Durant des décennies, le gouvernement espagnol a soutenu le droit du peuple sahraoui», a souligné l’ambassadeur de Moscou à Alger, Igor Belyaev, dans une interview accordée jeudi à la chaîne TV Ennahar.




Le diplomate a attribué ce «revirement» de Madrid sur ce dossier à des «pressions exercées par certaines parties», mais sans les citer nommément. Il a aussi réaffirmé la position de son pays sur le différend régional.

«Nous continuons de soutenir les résolutions des Nations unies, notamment les résolutions du Conseil de sécurité relatives à cette question.

Nous appuyons également les efforts de l’envoyé personnel du secrétaire général de l’ONU pour le Sahara occidental, M. De Mistura», a-t-il dit. Belayev a révélé avoir rencontré, récemment, l’émissaire onusien à Alger lors de sa première tournée dans la région.

«Il a une volonté de relancer les négociations directes entre les deux parties du conflit, à savoir : le Maroc et le Front Polisario. Nous devons appuyer ces efforts pacifiques», a-t-il précisé.
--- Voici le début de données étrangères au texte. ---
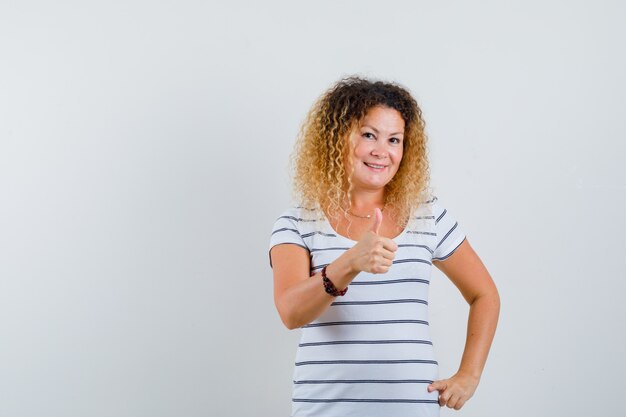 Mulher bonita aparecendo o polegar em t-shirt e olhando positiva, vista frontal.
L’ambassadeur a, par ailleurs, indiqué que la mission principale de la MINURSO «est d’organiser un référendum» dans la région.




Il convient de rappeler que depuis 2007, l’instance exécutive de l’ONU a complètement mis sous le boisseau cette option au profit d’une «solution politique mutuellement acceptée par les parties».

La dernière résolution 2602, adoptée le 29 octobre 2021, a en effet plaidé pour «une solution politique réaliste, pragmatique, durable et mutuellement acceptable à la question du Sahara occidental, qui repose sur le compromis, et qu’il importe d’adapter l’action stratégique de la MINURSO et d’affecter les ressources des Nations unies à cette fin».

Un texte que la Russie, au même titre que la Tunisie, s’est abstenue d’approuver, au motif qu’il «ne contribuera pas» à mettre un terme au conflit.

Son représentant à l’ONU avait alors dénoncé les termes utilisés dans la résolution comme «démarches réalistes» et de «compromis», estimant qu’ils «prolongent l’ambiguïté», apportant ainsi davantage d’eau aux moulins de l’Algérie et du groupe séparatiste armé Polisario qui ne cessent de défendre la solution de l’organisation d’un référendum d’autodétermination au Sahara.